Introduction: The acquisition of resistance to VEGF-inhibiting therapies has prompted research toward immunotherapy for the treatment of metastatic renal cell carcinoma (mRCC). Among several, checkpoint inhibitors including PD-1 and PD-L1 inhibitors are the most promising approach.

Areas Covered: This review addresses the clinical efficacy of the anti-PD-1 monoclonal antibody pembrolizumab in first- and second-line treatment for mRCC regarding the most recent and significant published and ongoing studies. Attention is also given to its pharmacological characteristics as well as adverse events and its impact on patients' quality of life.

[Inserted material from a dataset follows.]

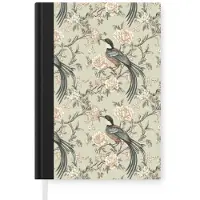 MuchoWow Notitieboek - Schrijfboek - Bloem - Vogel - Kleurrijk - Notitieboekje klein - A5 formaat - Schrijfblok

Expert Opinion: Immunotherapy has become the backbone for the treatment of advanced RCC. With the approval of several therapeutic options, research needs now to focus on defining the appropriate therapy for each patient. Axitinib plus pembrolizumab belongs to the combinations of tyrosine kinase inhibitors (TKI) plus immune checkpoint inhibitors for the first-line treatment of metastatic RCC. New combinations of pembrolizumab plus TKI for the evaluation in first- and second-line treatment of mRCC available. However, studies directly comparing the various treatment regimens using predictive biomarkers and long-term endpoints, including treatment-free survival, are lacking.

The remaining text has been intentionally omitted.